Well, I would say none of them. That is they’re not designed to be because — but I’ll draw two distinction. There’s things that our consumers love it in our service. So Shonda Rhimes’ future work, we are very confident of. Video gaming, we’re pushing on that, and that will be part of our service, so unscripted, all those things. So think of that as making the core service better. So lots of investment but not a separate profit pool. It’s enhancing the big service that we have.
And then, there’s a number of supporting elements, consumer products, various shopping where we’re really trying to grow those to support the title brands to get our conversations up around each of the titles so that the Netflix service becomes must-have. So they’re not a profit pool of any material size on their own, but they are helping — the reason we’re doing them is to help the subscription service grow and be more important in people’s lives, so I would say really, we’re a one product company with a bunch of supporting elements that help that product be an incredible satisfaction for consumers and a monetizing engine for investors.
Source: Netflix
When asked about Netflix’s position on sports, Ted Sarandos, the Co-CEO of Netflix, said that they preferred leveraging their storytelling excellence in sports to competing for the rights to broadcast. As an investor, I wholeheartedly welcome that position. Their sport documentaries such as Drive to Survive, or Michael Jordan’s The Last Dance are huge hits to the audience. They reflect the ability to tell stories, some of which are completely new and can be found nowhere else. These content pieces are also not littered with ads, something that gels very well with Netflix’s brand positioning. I don’t see any reason why they should stop. What this shows is that Netflix’s management is, at least on this front, prudent with their content investments and knows what their leverages are.
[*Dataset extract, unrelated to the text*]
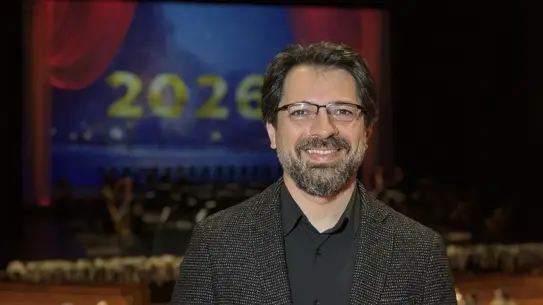 İDOB modern dans sahnesi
Look, I think we’ve — you’ve pointed it out, but our success with the sports-adjacent properties, like the F1 Drive to Survive, Deaf U and certainly the Michael Jordan doc, those are all examples, I think, of the platform and what it can do to build enthusiasm on what is already viewed to be an enormous business. Drive To Survive expanded the audience for Formula 1 racing pretty dramatically, in both in live ticket sales and TV ratings and merchandise sales, all those things. And I think that that can be applied as long as the storytelling is great. So what’s good about this for us is that we could apply those same kind of creative excellence to the storytelling behind those sports, the personalities behind those sports, the drama that happens off camera.
Look, I don’t know that those sports suffer from being underdistributed, so I don’t know that we would bring that much to them. And just to be clear, I’ve reiterated this a lot, but I’m not saying we’ll never say never on sports. It’s just what is the best use of about $10 billion. And I think that’s what it’s going to cost to invest meaningfully in big league sports.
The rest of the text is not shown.